Top of GIVEN DATA

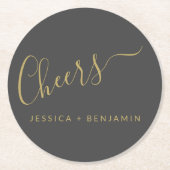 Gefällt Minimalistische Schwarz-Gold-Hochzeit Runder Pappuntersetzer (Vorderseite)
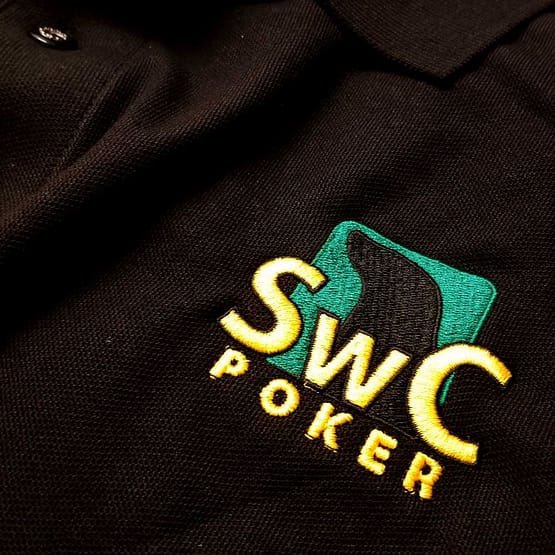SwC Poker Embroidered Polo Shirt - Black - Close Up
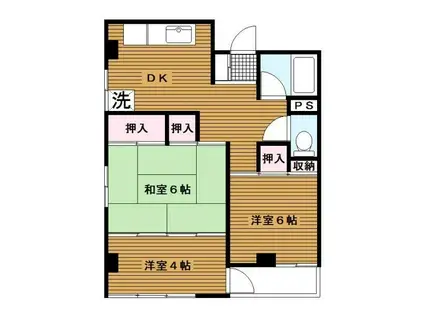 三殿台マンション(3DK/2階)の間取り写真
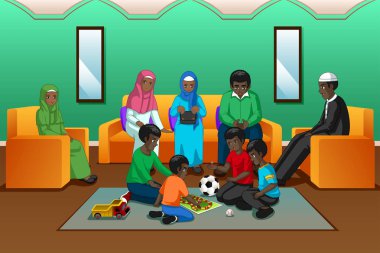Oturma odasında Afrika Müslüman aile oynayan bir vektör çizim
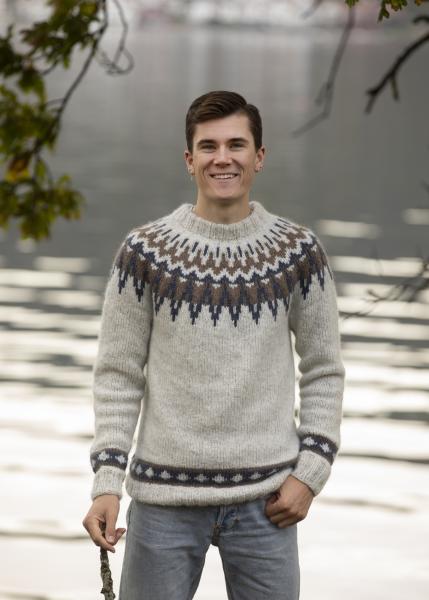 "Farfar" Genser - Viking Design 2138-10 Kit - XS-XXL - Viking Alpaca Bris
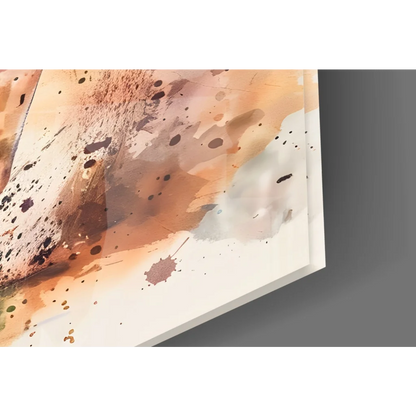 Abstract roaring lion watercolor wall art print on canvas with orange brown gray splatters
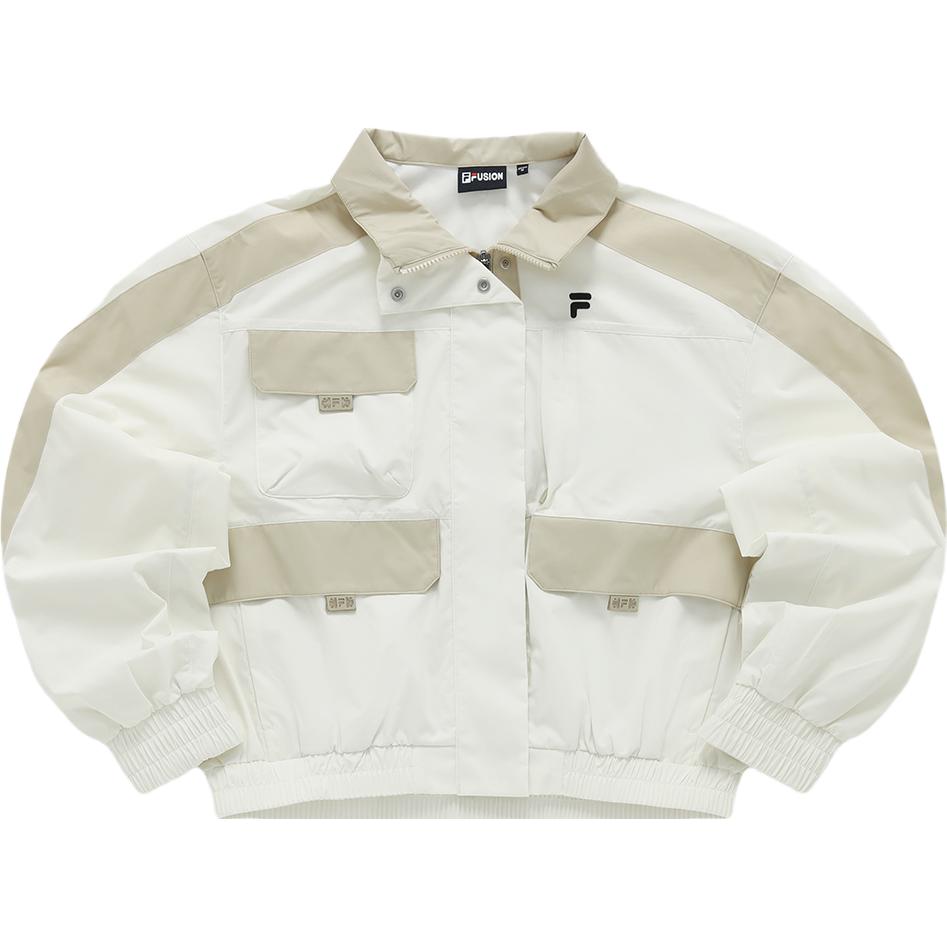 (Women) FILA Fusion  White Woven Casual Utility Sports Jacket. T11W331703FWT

Bottom of GIVEN DATA
Top of GIVEN DATA

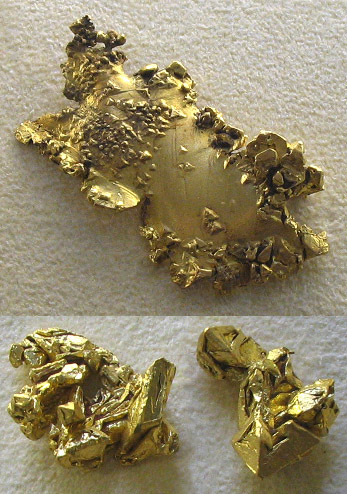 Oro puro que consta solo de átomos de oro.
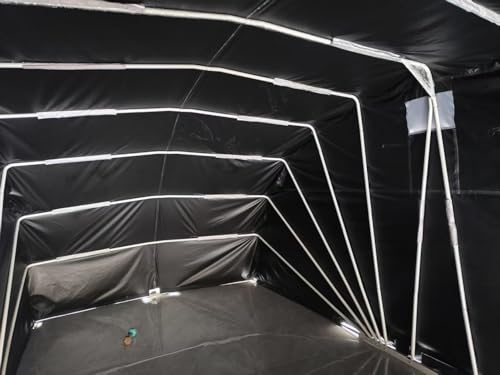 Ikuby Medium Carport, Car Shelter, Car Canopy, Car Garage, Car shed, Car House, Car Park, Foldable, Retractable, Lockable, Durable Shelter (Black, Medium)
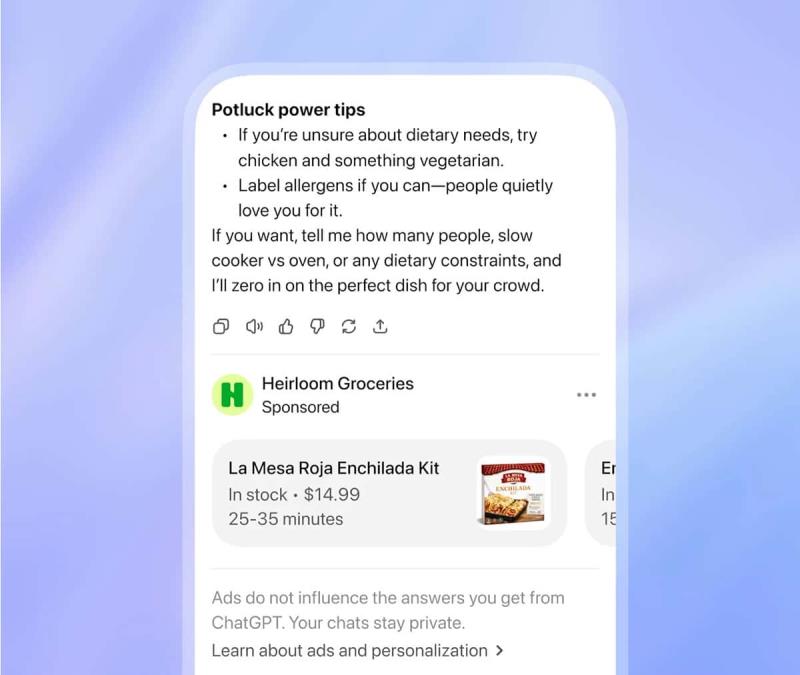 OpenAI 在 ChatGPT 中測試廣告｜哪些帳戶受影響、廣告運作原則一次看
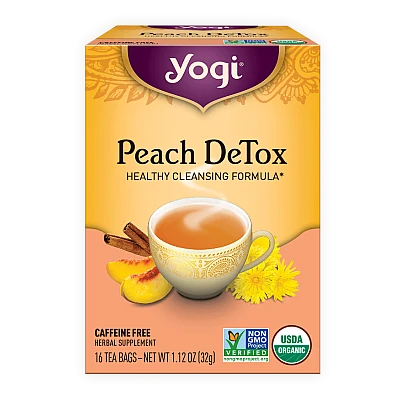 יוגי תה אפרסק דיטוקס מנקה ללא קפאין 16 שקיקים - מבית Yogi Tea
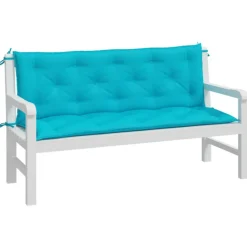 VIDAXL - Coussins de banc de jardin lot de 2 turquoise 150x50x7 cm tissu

Bottom of GIVEN DATA
Top of GIVEN DATA

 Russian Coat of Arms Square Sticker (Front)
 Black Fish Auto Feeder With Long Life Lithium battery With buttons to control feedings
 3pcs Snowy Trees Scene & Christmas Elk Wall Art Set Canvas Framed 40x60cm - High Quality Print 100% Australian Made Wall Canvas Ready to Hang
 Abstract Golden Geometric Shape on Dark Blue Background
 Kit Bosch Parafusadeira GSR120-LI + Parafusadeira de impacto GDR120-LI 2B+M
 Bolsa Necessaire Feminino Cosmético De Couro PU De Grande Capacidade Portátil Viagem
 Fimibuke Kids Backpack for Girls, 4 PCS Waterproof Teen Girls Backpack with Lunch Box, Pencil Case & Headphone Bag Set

Bottom of GIVEN DATA

**TASK TO COMPLETE:** Copy nothing but the lines above from the one with "SwC Poker Embroidered" to the one with "(Women) FILA Fusion", inclusive, word for word. Leave every picture out.

**ANSWER BELOW:**
SwC Poker Embroidered Polo Shirt - Black - Close Up
 三殿台マンション(3DK/2階)の間取り写真
Oturma odasında Afrika Müslüman aile oynayan bir vektör çizim
 "Farfar" Genser - Viking Design 2138-10 Kit - XS-XXL - Viking Alpaca Bris
 Abstract roaring lion watercolor wall art print on canvas with orange brown gray splatters
 (Women) FILA Fusion  White Woven Casual Utility Sports Jacket. T11W331703FWT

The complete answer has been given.